Scottish Highlanders marching across a carpark might not be the first thing that springs to mind when conjuring up metaphors for communication. But, in 1974, it did the trick for a young Sam Neill. Before he became an international movie star, Neill wrote, directed, and edited a seventeen- minute film Phone—a.k.a. Telephone Etiquette—for New Zealand’s National Film Unit. This workplace training film attempted to teach inept office workers how to use the blower properly. It was Neill’s first time in the director’s seat.
A narrator kicks off by defining communication as “the transfer of information from one to another … making oneself understood, getting your meaning across’. We cut from the Highlanders to monkeys. ‘All animals communicate, but unique to man is speech.” Next, a close-up of glossy-red feminine lips that say, suggestively, “Communication,” finished off with a saucy tongue lick.
What ensues is a comedy of errors, in which clichéd characters demonstrate good and bad telephone manners—and appallingly sexist workplace culture. The skits are tied together by a fanciful conceit, whereby a Mr Trench is trying to hawk off his invention, the Telepathograph, to staffers at a fictitious company, Kiwi Communications.
I stumbled across this curious film while wading through archives in search of past creative attempts to communicate the ins and outs of New Zealand’s communications infrastructure. I was struck by its combination of novelty and anachronism. For instance, it feels the need to explain that the phone is “not merely a useful gadget to decorate a desk, but a national and international communications network.” I also enjoyed a nostalgia for that idyllic red public phonebooth, in its coastal setting, and for the Kiwi Communications office décor—its quaint partitions, tropical pot plants, and surrealist paintings. One painting bore a telling Marshall McLuhan quote in McCahon-esque handwriting: “All media are extensions of some human faculty—psychic or physical.”
Neill was using film to extend the faculties of our communications overlords, the New Zealand Post Office. What does his film tell us about their psychic faculties, back in 1974? Historical context might offer some clues. New Zealand’s first phone call was made in 1878 and all phone services were controlled by the state through the Post Office until 1987. Phones multiplied in the post-war period, from nearly 272,000 in 1950 to a million in 1976. Babies weren’t the only thing booming.

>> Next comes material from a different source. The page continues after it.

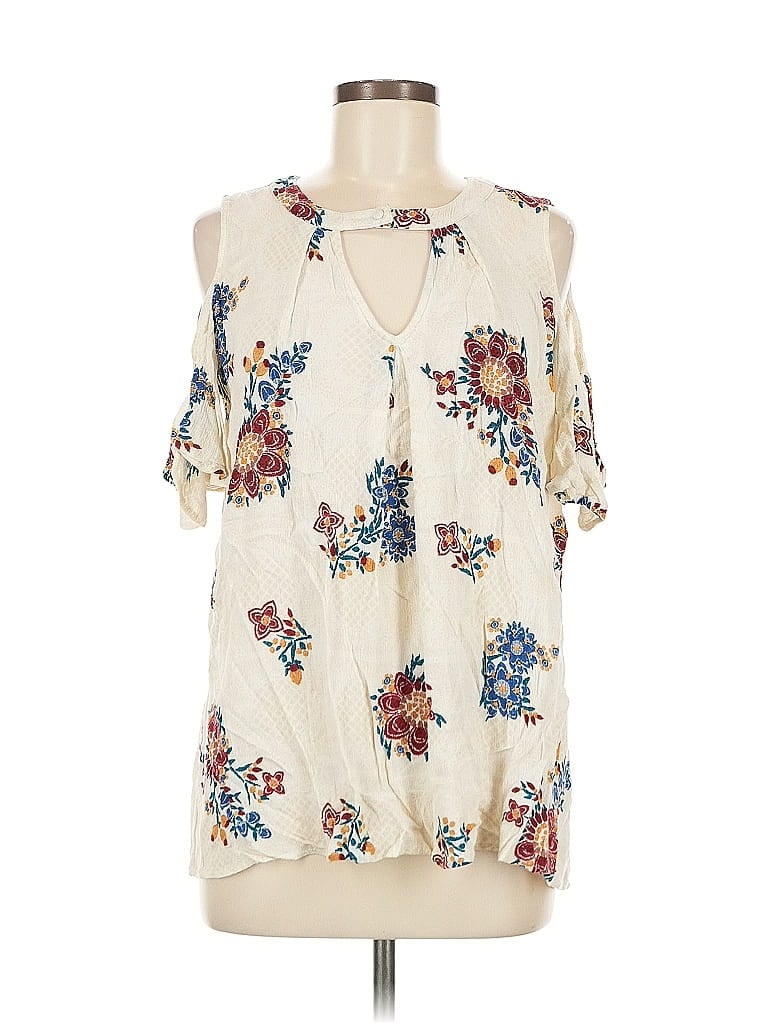 Pre-owned Blu Pepper Sleeveless Blouse In White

Nineteen seventy-four was a significant year. The voting age was lowered from twenty to eighteen, Waitangi Day became a national holiday, and the term ‘Ma ̄ori’ was extended to include descendants of Ma ̄ori. Their Imperial Majesties the Shahanshah Aryamehr and the Shahbanou of Iran undertook a state visit, Niue voted for self government, and the tenth Commonwealth Games took place in Christchurch. On television, It’s in the Bag was starting its popular run and the thrilling finale of Studio One: New Faces aired. In the midst of all this, Phone strode forward with a message of manifold proportions: for Pete’s sake, could you all just follow this set of rules when using the telephone?

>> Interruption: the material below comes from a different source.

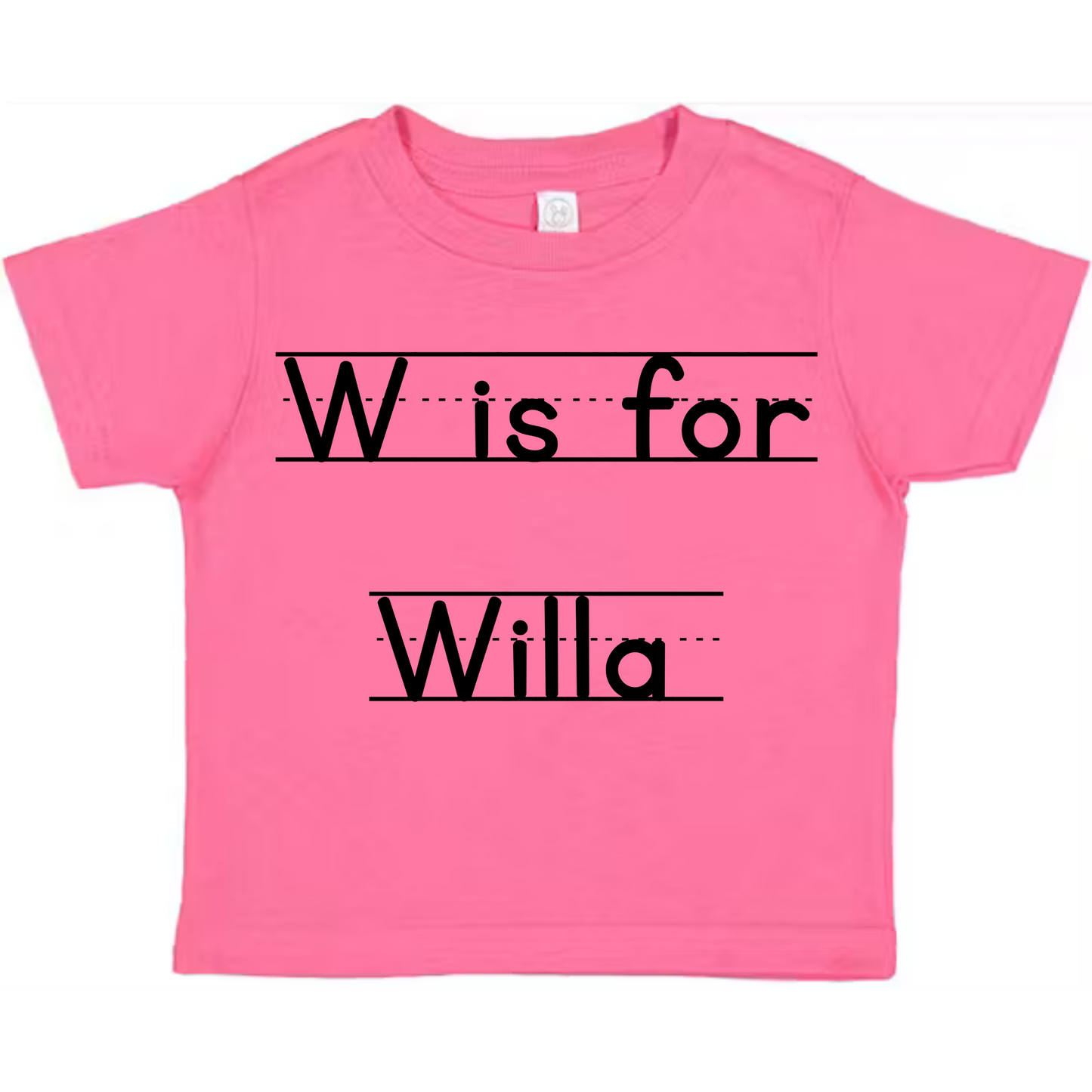Back To School Personalized My Name Kids Graphic Tee  | Multiple Colorways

Neither the Post Office nor the National Film Unit would last much longer. In 1987, the Post Office was divided into three state-owned enterprises: Telecom (which took over telecommunications), New Zealand Post, and Postbank. In the 1990s, the Film Unit was sold to TVNZ. It is now owned in some capacity by Sir Peter Jackson, although TVNZ retains rights to many of the films. In 1990, Telecom, too, was privatised.
How does the concept of ‘Telephone Etiquette’ translate into today’s communications age? I pondered this on the night of 8 January 2022, standing in an out-of-cell-range estate in the Wairarapa as Elon Musk’s SpaceX Starlink satellite array passed over me. What about TXT Etiquette, Email Etiquette, and Discord/Slack/Teams Etiquette? Facebook Etiquette, Instagram Etiquette, and YouTube Etiquette? Or TikTok, Twitter, Reddit, Tinder, Grindr, Bumble, and Tumblr Etiquette?

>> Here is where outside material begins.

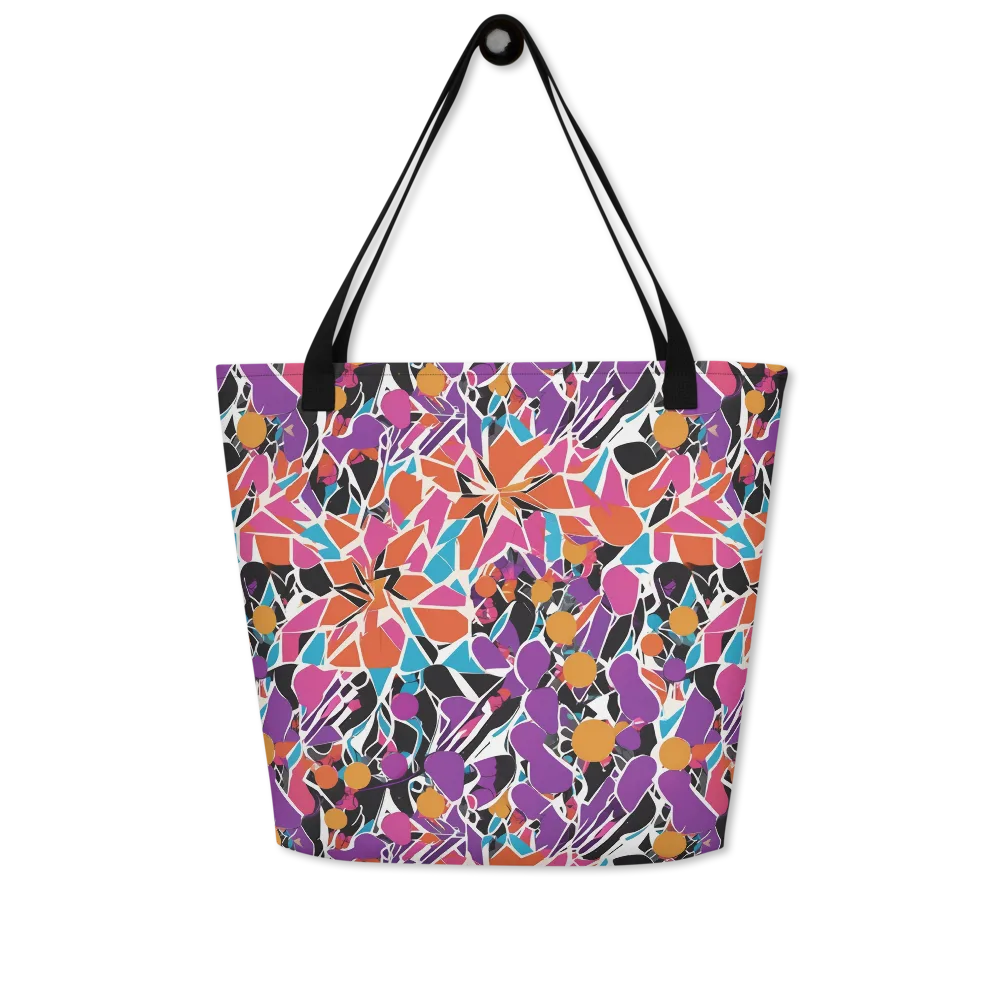 Kaleidoscope Grove on Large Tote Bag W/ Pocket — Front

Presumably, Phone was targeting employees, engaged to answer phones in a professional manner. But people don’t use their phones like they used to. Phoning people is so different nowadays, with a plethora of communication platforms at our fingertips. When our mobile phones are doing double duty as both work and home lines, Phone’s etiquette rules need to be reexamined.
Its first rule needs modification: Answer promptly … unless you’re worried it’s a spammer, or you’re busy and can’t take the call. Some rules are obsolete: Dial carefully the correct number; Transfer calls properly; Keep the operator informed. Others remain good for any kind of communication: Identify yourself; Speak clearly and concisely; Be courteous and helpful; Always take messages and pass them on; Terminate calls courteously.
Although we have new media at our fingertips, they are still extensions of our psychic or physical faculties. Use them wisely to get your meaning across.